The new BAA, titled 20.1/20.A, closes on Feb. 12. It offers more than $250 million in funding opportunities and spans 112 research topic areas where the Navy wants to focus more resources.
“The Navy is seeking new tools, solutions and processes to address a variety of naval challenges,” said Navy SBIR/STTR Director Bob Smith. “Through this BAA, we can identify groundbreaking technological advances, develop them further and integrate them to advance our warfighting capabilities.”
BAA 20.1/20.A is part of a broader effort by the SBIR/STTR programs to make it easier for small businesses to work with the Navy and Marine Corps. This includes streamlined proposal requirements, evaluation, selection and payment processes that are 60 percent faster than before.
Topics in BAA 20.1/20.A span four main categories:
—SBIR/STTR: SBIR provides the Navy and Marine Corps with innovative advances in technology created by small businesses—while STTR transitions products developed by both small businesses and research institutions. BAA 20.1/20.A provides entry points for both innovative start-ups and mature small businesses to deliver defined new capabilities.
—Accelerated Delivery and Acquisition of Prototype Technologies (ADAPT): The purpose of ADAPT is to engage small business to quickly address DoN high-priority challenges in high-impact areas for the naval community.

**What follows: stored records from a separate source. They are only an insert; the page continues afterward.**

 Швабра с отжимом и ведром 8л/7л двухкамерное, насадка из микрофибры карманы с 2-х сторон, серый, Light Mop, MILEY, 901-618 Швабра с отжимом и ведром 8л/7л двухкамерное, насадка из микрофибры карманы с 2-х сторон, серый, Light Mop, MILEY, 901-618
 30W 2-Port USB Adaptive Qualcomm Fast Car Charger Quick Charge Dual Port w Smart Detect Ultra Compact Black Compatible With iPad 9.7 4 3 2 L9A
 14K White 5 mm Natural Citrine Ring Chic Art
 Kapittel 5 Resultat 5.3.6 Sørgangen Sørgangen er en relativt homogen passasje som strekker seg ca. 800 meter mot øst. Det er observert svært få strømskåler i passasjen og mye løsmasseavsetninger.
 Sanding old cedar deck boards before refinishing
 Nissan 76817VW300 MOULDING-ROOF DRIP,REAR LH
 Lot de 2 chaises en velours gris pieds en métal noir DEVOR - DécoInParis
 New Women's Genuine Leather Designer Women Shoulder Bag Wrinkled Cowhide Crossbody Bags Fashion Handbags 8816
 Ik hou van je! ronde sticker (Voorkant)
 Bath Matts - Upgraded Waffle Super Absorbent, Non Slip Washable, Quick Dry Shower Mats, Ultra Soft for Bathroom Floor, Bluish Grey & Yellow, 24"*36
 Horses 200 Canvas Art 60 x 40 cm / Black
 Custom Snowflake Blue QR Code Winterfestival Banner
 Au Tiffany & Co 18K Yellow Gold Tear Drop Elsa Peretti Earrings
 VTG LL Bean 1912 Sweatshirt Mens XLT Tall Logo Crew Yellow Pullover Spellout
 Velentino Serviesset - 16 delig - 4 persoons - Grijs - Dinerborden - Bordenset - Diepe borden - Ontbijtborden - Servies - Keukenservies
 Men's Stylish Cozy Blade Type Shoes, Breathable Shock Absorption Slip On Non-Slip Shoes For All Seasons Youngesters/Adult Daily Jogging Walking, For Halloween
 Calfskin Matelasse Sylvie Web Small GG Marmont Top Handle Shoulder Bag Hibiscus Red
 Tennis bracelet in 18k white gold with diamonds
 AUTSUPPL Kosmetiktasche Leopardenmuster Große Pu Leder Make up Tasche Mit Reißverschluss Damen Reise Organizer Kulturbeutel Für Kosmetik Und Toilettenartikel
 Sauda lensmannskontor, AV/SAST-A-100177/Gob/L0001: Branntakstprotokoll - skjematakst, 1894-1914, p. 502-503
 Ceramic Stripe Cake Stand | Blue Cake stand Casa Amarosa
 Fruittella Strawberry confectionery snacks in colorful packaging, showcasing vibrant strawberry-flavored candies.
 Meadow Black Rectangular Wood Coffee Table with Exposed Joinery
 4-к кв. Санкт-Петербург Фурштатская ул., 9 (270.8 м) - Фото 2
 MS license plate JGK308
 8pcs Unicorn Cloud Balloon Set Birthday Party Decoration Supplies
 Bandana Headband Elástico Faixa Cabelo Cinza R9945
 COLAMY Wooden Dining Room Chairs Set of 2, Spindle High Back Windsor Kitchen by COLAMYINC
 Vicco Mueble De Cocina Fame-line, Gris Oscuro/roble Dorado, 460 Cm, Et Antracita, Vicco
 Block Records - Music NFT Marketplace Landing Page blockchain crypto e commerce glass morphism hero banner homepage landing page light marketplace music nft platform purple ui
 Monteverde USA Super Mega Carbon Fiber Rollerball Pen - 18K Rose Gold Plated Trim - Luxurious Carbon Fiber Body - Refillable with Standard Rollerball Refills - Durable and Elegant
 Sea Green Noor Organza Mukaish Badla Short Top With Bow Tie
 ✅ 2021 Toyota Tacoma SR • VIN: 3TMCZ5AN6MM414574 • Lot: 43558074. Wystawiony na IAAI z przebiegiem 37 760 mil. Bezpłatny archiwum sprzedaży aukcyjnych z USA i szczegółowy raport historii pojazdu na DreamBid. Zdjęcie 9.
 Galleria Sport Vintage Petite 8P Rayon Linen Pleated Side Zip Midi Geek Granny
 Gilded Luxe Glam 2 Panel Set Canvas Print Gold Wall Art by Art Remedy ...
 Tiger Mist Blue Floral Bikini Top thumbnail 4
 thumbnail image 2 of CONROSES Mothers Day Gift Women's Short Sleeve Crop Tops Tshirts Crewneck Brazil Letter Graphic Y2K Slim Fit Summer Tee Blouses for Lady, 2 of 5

Such technologies often have dual-use applications in the commercial sector. ADAPT currently seeks concepts involving unmanned systems and sustainment and modernization of existing naval assets. Selected companies will be able to participate in H4XLabs Business Accelerators, which are incubation laboratories centered on particular naval interests.
—Direct to Phase II: Phase II is the technology-demonstration stage, during which prototypes are built and tested. This is an opportunity for small businesses with already-developed concepts for workable prototypes—or designs that demonstrate feasibility. Specifically, the Navy is seeking development of compact, engine-driven power-generation systems for vehicles.
—Navy-Air Force Joint Special Topic: To ensure greater opportunities for small businesses, the Navy is working with the Air Force in an open topic call for “innovative, defense-related, dual-use technology” to improve warfighter mental health and well-being.
In addition to expanding BAAs like 20.1/20.A, the Navy SBIR/STTR programs also look to strengthen new approaches, such as serving as technology enablers for the Naval Expeditions (NavalX) Agility Office—created by the Hon. James Geurts, assistant secretary of the Navy for Research, Development and Acquisition.
NavalX gives Sailors, Marines and DoN civilians tools to put ideas into action. This enables naval organizations like ONR and SBIR/STTR to better connect warfighters with experts and small businesses to cultivate good ideas.
One product of this partnership is onsite SBIR/STTR expertise at NavalX’s six Tech Bridges. At these regional innovation hubs, warfare centers, government, academia and industry can work together on technology research, evaluation and commercialization—as well as economic and workforce development.